__How to complete this task__. The answer must consist solely of the lines from the one with "Bahut d'appoint noir" through the last line of the data, copied exactly, with no pictures.

__Raw data__.
++++++++++
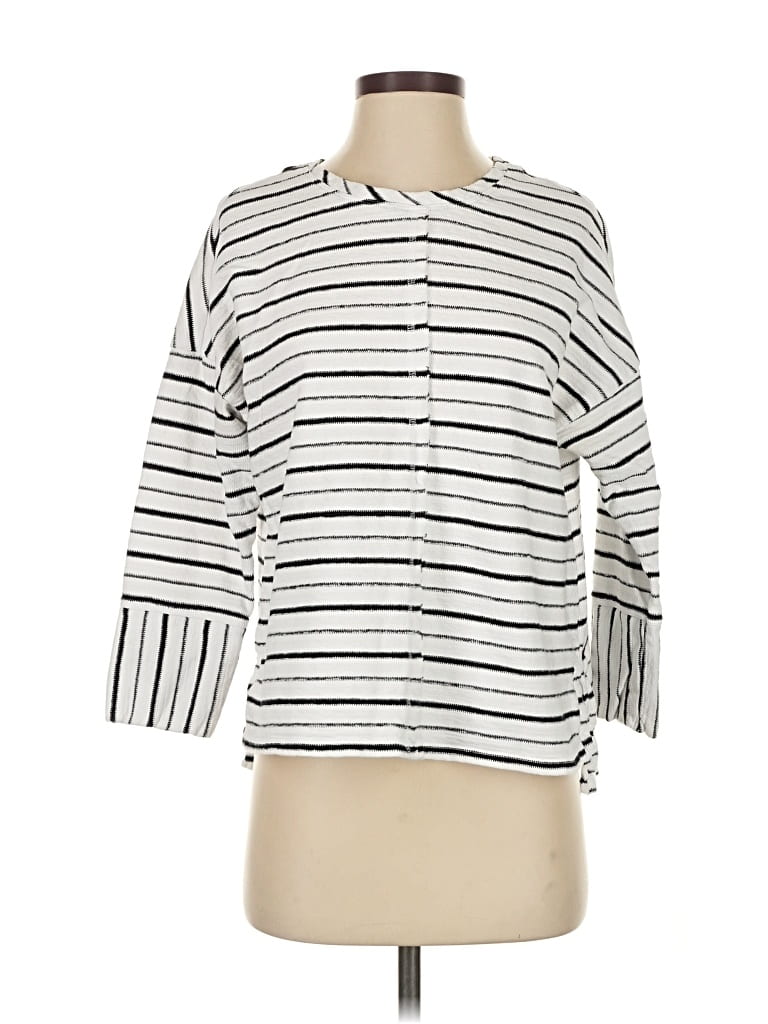 Pre-owned Habitat 3/4 Sleeve Button Down Shirt In White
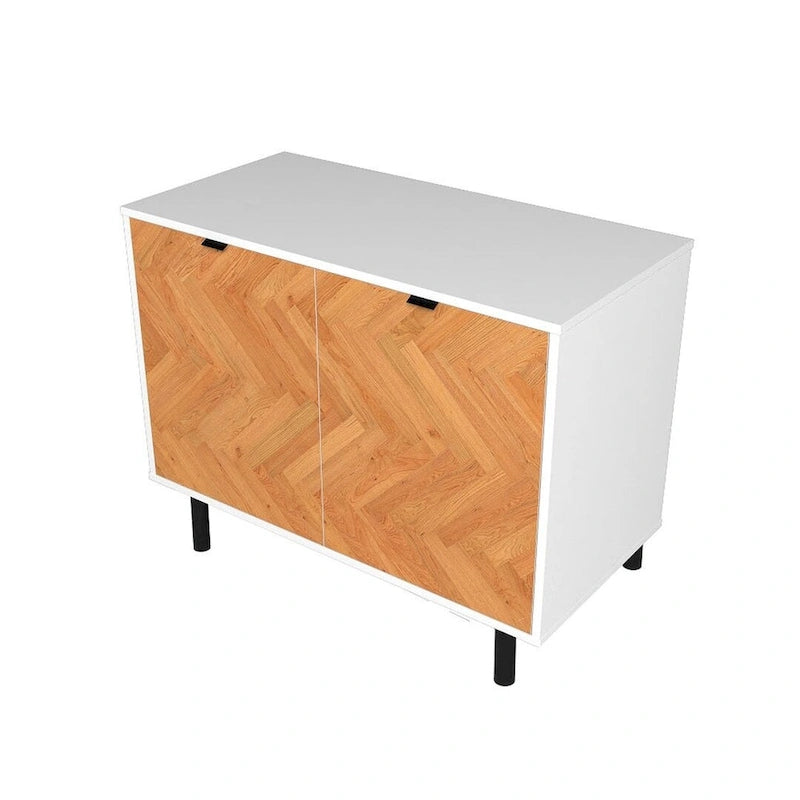Bahut d'appoint noir Mid-Century Modern avec portes en bois à motif chevrons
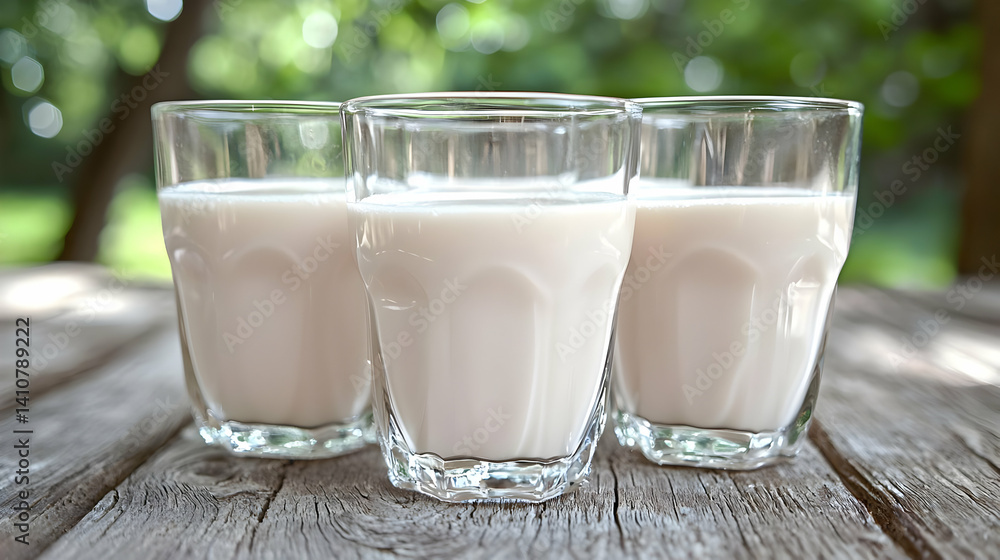 Three Glasses Of Milk On Wooden Table Three Glasses Of Milk On Wooden Table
++++++++++
__Answer area__.
Bahut d'appoint noir Mid-Century Modern avec portes en bois à motif chevrons
 Three Glasses Of Milk On Wooden Table Three Glasses Of Milk On Wooden Table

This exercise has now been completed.